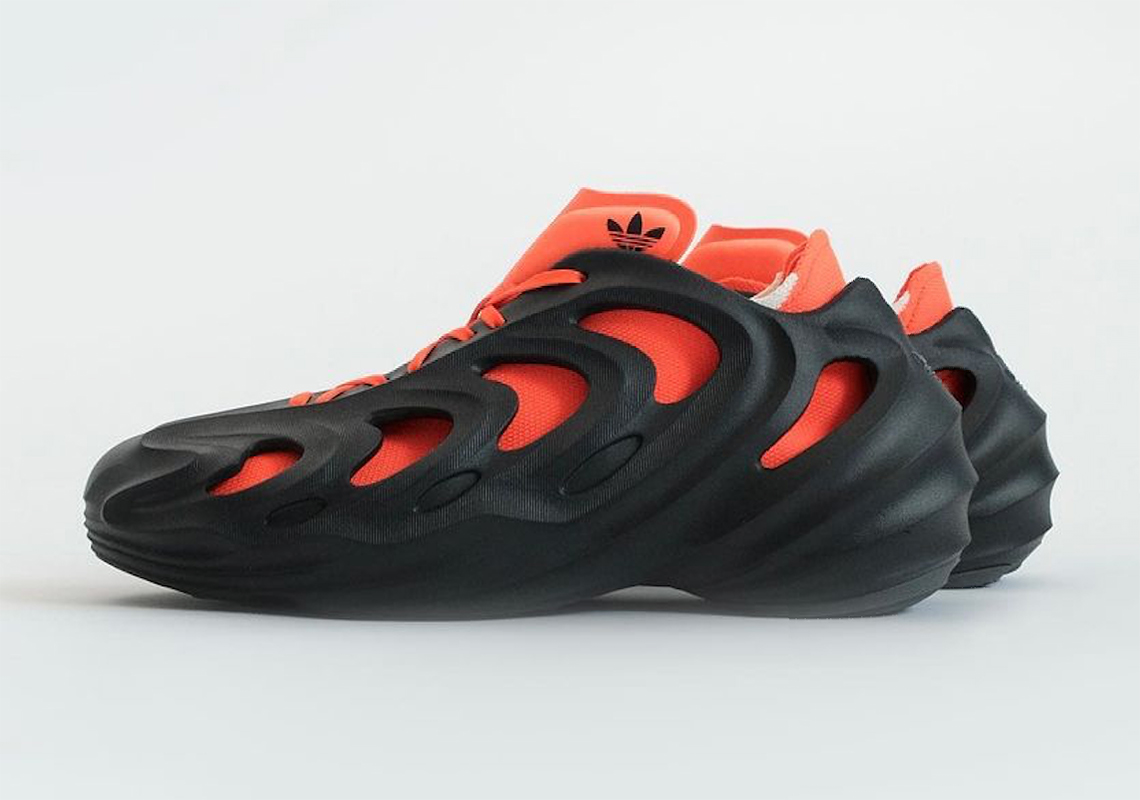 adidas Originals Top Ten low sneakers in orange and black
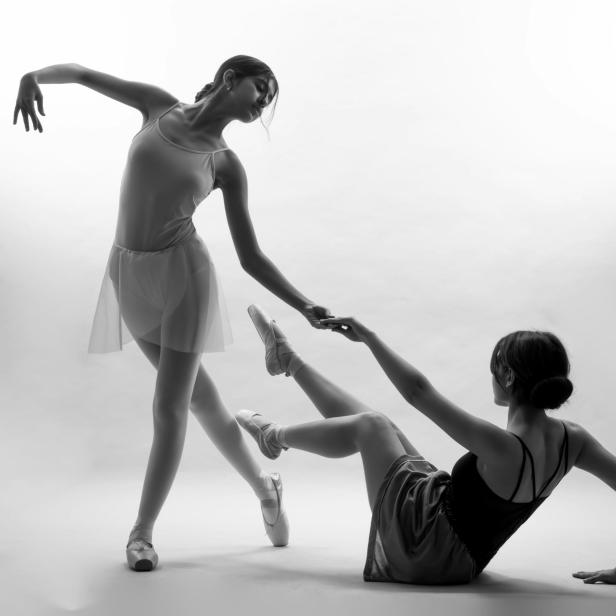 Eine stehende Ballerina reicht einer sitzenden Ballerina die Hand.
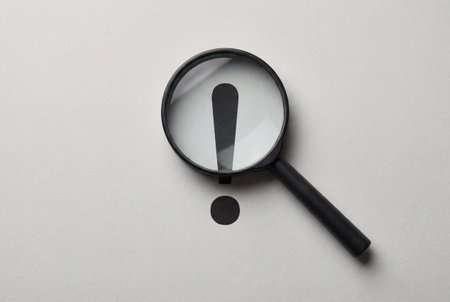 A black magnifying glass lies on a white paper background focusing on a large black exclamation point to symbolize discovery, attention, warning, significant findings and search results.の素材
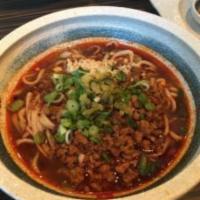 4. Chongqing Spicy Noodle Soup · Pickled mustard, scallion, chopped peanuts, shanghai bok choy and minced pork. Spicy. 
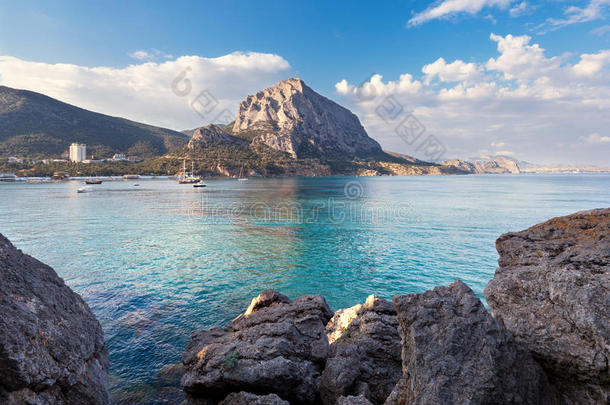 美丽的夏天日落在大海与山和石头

^^^^^^^^

Task instructions:
Transcribe, without alteration, each line from the one with "4. Chongqing Spicy" through the last line of the data; no pictures belong in the copy.

Result below:
 4. Chongqing Spicy Noodle Soup · Pickled mustard, scallion, chopped peanuts, shanghai bok choy and minced pork. Spicy. 
 美丽的夏天日落在大海与山和石头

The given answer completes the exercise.